The past is certainly proving to be a nightmare for long-time republican Gerry Adams, whose arrest last week has left Northern Ireland's peace process in crisis.The dramatic turn of events – he has been released after four days in custody but may still face charges related to a murder that took place almost 42 years ago – raises important questions. Is the failure of Northern Ireland's peace pact to deal with the sins of the past the real reason for the current crisis? And, by refusing to acknowledge the true nature of his background, did Mr. Adams bring this on himself?

For most of the quarter-century or so during which I reported on the violence, it was an accepted truth among nearly all my colleagues that, like the Middle East, this dispute was impervious to a peaceful resolution. It would go on, we reckoned, forever.

British troops had patrolled the streets of Belfast and the pretty lanes and byways of counties Tyrone and Armagh since 1969 and, while the carnage had declined from the bad, early years, the warring groups – the Irish Republican Army (IRA), which fought to reunite the north with the rest of Ireland, and Protestant paramilitaries that killed to keep it under the Union Jack – had stubbornly resisted all efforts by the British security forces to extinguish them.

The death toll surpassed 3,000 – equivalent (given that the population was just 1.5 million) to 600,000 in the United States and 70,000 in Canada, and large enough to be regarded as a civil war in most countries. The Troubles, as we Irish called the conflict, had touched nearly everyone. There was hardly a person in the place who had not had a family member, a friend, an acquaintance killed or injured, imprisoned, forced to flee their homes or affected in some way.

The political leaders of the divided Catholic and Protestant communities were as immovable as their paramilitary brethren.
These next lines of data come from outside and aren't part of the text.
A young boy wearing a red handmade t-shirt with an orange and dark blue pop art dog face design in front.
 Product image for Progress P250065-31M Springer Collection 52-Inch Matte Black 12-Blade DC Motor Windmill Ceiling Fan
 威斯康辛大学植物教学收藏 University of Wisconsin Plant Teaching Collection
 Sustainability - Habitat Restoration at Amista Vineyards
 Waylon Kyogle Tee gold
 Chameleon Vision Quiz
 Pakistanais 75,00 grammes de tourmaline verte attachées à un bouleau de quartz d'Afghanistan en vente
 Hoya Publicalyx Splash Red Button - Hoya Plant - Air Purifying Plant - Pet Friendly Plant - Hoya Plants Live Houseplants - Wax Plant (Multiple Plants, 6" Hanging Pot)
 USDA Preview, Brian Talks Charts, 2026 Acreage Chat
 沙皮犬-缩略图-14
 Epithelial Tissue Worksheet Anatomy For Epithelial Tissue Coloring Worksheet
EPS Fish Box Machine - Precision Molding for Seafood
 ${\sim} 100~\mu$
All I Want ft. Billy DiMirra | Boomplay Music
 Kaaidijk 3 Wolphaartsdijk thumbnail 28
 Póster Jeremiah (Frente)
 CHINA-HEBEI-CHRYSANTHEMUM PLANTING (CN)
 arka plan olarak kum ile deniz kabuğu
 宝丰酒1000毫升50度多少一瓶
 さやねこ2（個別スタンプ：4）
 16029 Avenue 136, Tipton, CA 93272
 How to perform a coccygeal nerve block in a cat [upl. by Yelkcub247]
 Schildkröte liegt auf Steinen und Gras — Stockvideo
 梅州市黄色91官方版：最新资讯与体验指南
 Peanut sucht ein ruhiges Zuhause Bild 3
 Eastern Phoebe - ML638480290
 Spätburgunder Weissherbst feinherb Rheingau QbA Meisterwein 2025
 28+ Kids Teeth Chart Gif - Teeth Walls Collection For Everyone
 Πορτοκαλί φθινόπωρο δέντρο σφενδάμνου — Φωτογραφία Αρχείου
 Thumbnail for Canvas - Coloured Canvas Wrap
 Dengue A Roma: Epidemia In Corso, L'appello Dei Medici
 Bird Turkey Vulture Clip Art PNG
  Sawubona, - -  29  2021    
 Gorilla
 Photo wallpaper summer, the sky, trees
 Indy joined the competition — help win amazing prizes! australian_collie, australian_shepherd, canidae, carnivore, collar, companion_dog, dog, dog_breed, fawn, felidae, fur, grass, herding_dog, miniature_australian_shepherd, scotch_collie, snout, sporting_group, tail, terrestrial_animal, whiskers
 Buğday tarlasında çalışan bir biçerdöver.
If anyone symbolized their inflexibility, it was the towering Ian Paisley, who seemed to roar "No!" to almost every suggestion for moving out of the morass.

And then suddenly the ice moved and cracked and things began to change. Of course, it had not happened suddenly, just out of view. Behind the scenes and for several years, unknown even to their supporters, leaders of the paramilitary groups had started to talk about peace.

Prime among the groups doing this was the IRA, whose political wing, Sinn Fein (Irish for We Ourselves), glimpsed the possibility of political gains if the violence ended.

In 1994, an IRA ceasefire was called. It broke down briefly, was restored and, in 1998, with the direct assistance of the U.S., British and Irish governments, the political parties brokered the Good Friday Agreement.

The Troubles had come to an end – or so it appeared.

The peace pact foresaw a power-sharing government in Belfast, a complete end to violence and the destruction of paramilitary arsenals, the release of prisoners and a new policing arrangement, one that was more acceptable to Catholics.

It took another eight long, hard years of negotiating to put all the pieces in place. Eventually the IRA agreed to decommission its weapons, and its political leaders accepted the new police. Strangely, or not, the two most extreme parties, Sinn Fein and Ian Paisley's Democratic Unionist Party, had gained most from the new dispensation, by now officially termed "the peace process." Gorged with votes and now the dominant representatives of their communities, they formed the senior partners running the new government.

And so the world – and Northern Ireland – was treated to the extraordinary sight of Martin McGuinness, a former IRA commander, and Ian Paisley, the "Mr. No" of local politics, in the two top jobs. A photo of them in 2006 seated side by side and grinning like Cheshire cats earned them the sobriquet, "the chuckle brothers." The seemingly impossible and unthinkable had happened. Everything seemed rosy.

Who did what to whom

Fast-forward eight years, and not only does the future look less promising but it is the past that dominates. An almost daily squabble about who did what to whom, why, what happened and – most crucially – who should be brought to book and how, permeates both media coverage and the political discourse.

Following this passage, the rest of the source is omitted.